I shall try this. I know, that sometimes you just cant be positive...or can you? For me, if something happens or someone hurts me.. I take it in me too much. I cant see good from the jungle of negativity. I know, that my mind is partly inclined to be melancholic, there´s my power to create.
But, what if... I try that positive thing more! I know, I´m more positive than negative in life, but taking things personally...my weak spot. Also, what if I try to start my days with positive thoughts? Can I do that? Like small meditation at the beginning, before coffee...
If it´s true (and of course it is) that I´m all that, what that quote above says...holy S##t! I have so much power in my hands to change things in my head. That´s not gonna be easy, and there will be bad moment´s, too... but. What if... I will learn, to be more good to me, inside too?

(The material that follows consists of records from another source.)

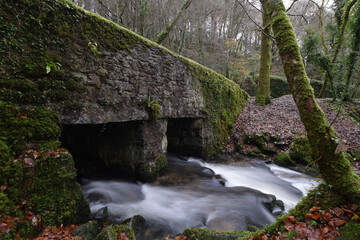 A bridge at Kennall Vale Cornwall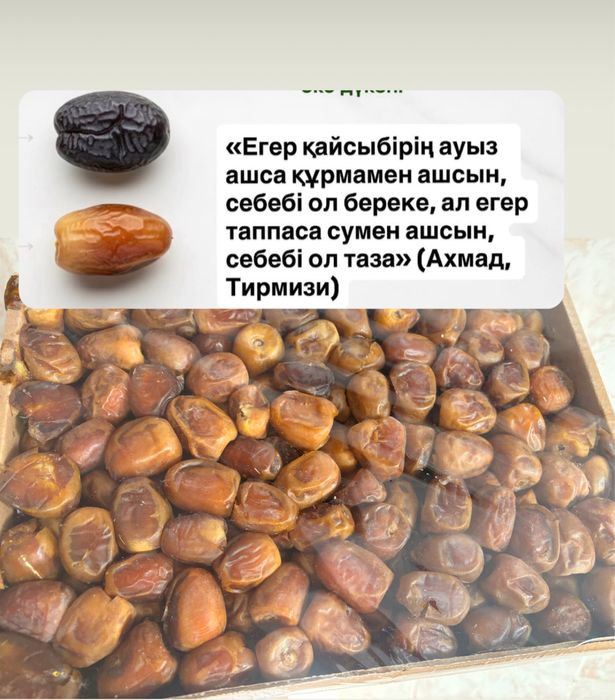 Финики суккари аджуа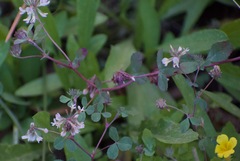 Trifolium breweri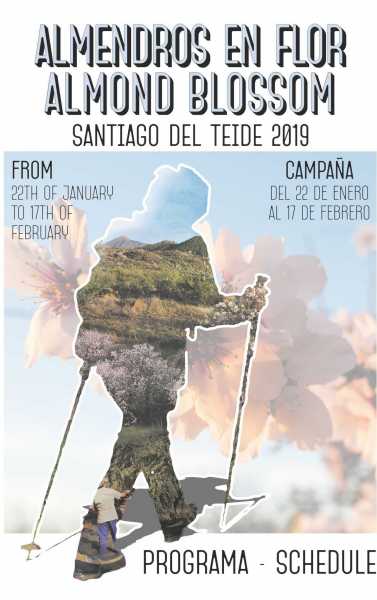 Featured Image 20805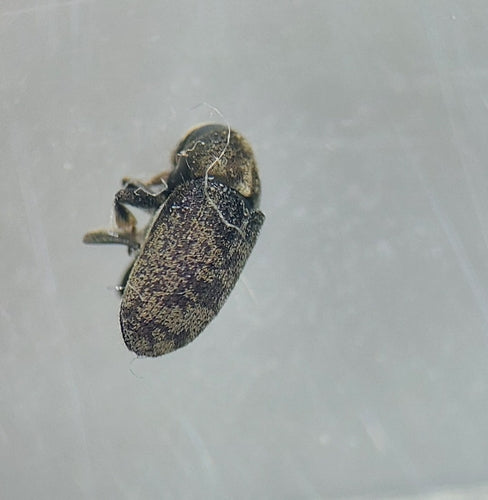 Borkenkäfer Scolytina — Bild 1 von 8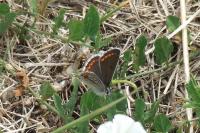 Aricia agestis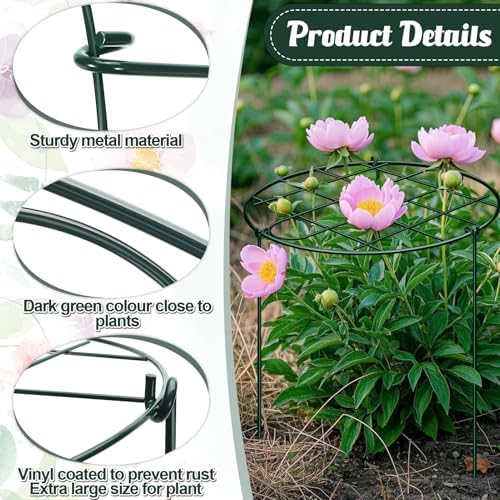 6 Pack 16 x 24 Inch Peony Cages and Supports for Outdoor Plants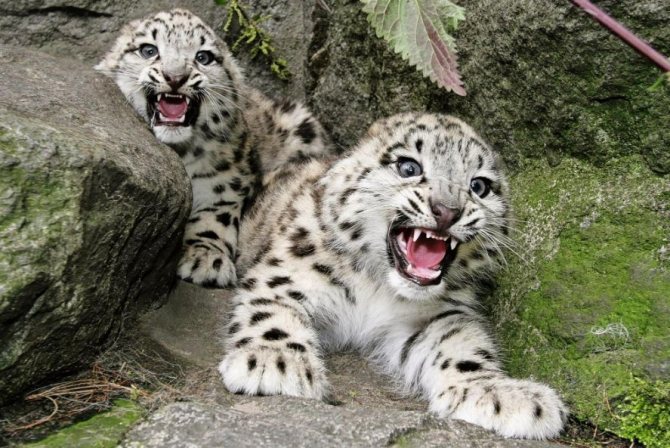 Снежный барс: как животное адаптируется к условиям среды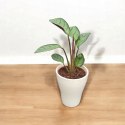 MARANTA LEUCONEURA AMABILIS MINT marantha mini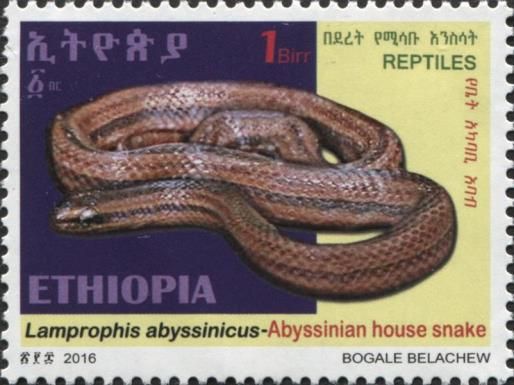 Abyssinian House Snake (Lamprophis abyssinicus)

I demand for me so much. I do. As I train, that´s the only way to get results. But in home...maybe...finding balance between demanding and letting go?

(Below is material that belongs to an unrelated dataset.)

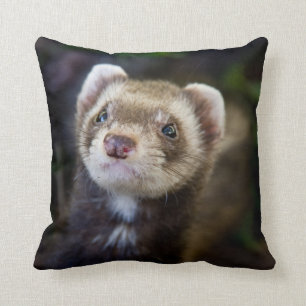 Ferret Cushion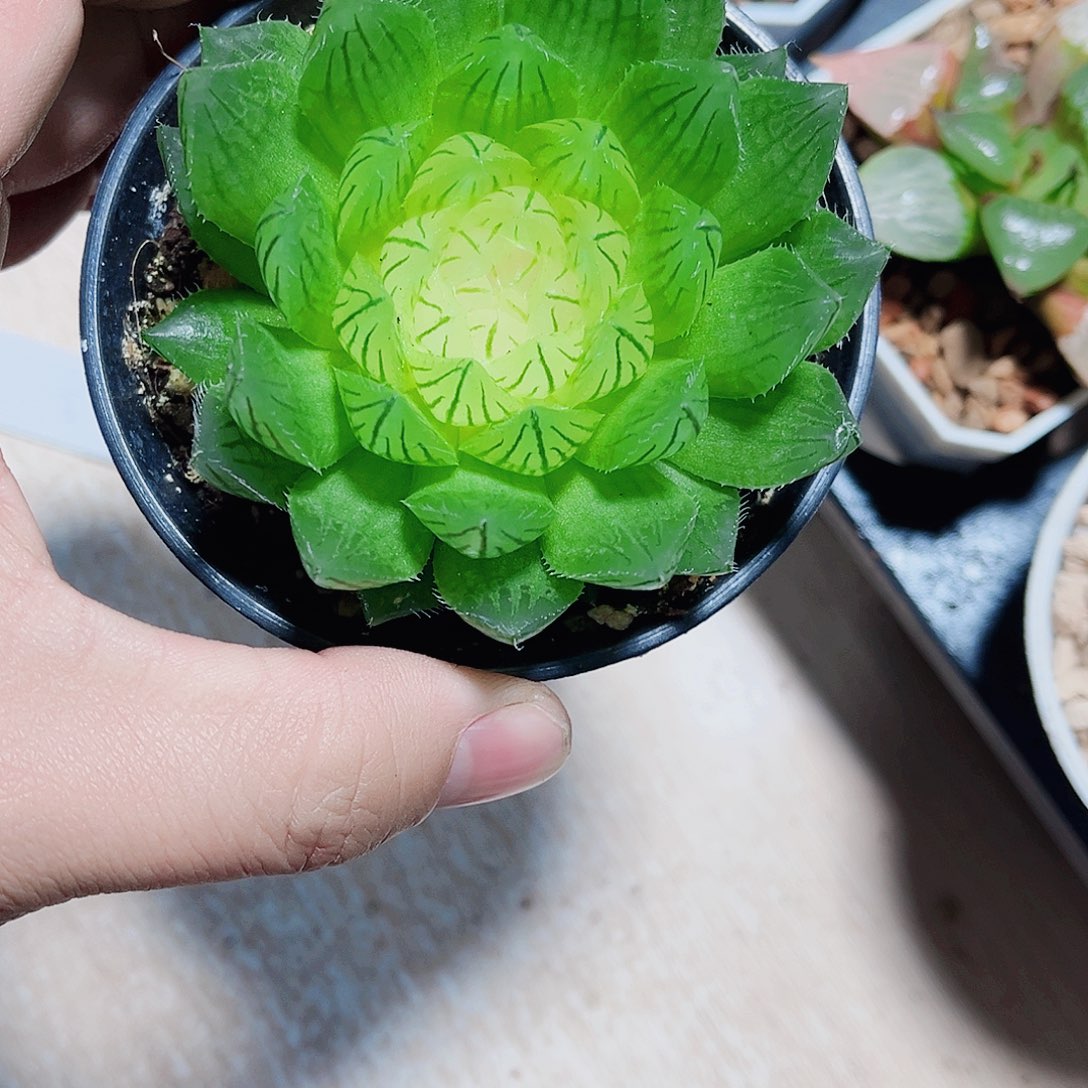 白莲花特价处理的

In those two line´s, there´s so much power. Just think about it: how much freedom is in that thought? How much opportunities? Can one live believing in that,all the time? Yes, there are people just doing that. But..am I too vain to live like that? Do I need some drama in my life? Sometimes maybe yes...

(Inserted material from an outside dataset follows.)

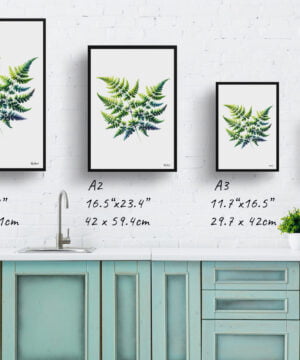 Five-fingered maidenhair fern (Adiantum pedatum) Watercolour Painting Style Art Print - Illustration Framed Plant Wall Art 17 Five-fingered maidenhair fern (Adiantum pedatum) Watercolour Painting Style Art Print - Illustration Framed Plant Wall Art - Image 4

I know, that my mind is working like a wind. When it´s too.... calm, it needs some action. So, admitting, who I am..maybe I can work some golden path for me. Who knows, maybe one day I´m gonna be happy that I´m all calm? Right now..not feeling that..
So, starting now..I´m gonna take moment to just breath. And I´m gonna start my days like that... I dont have to do that hour or two, no. Few minutes in mornings is good enough.
And yes, there is a change, that I will write about those hurting things too ;) That´s what I call life.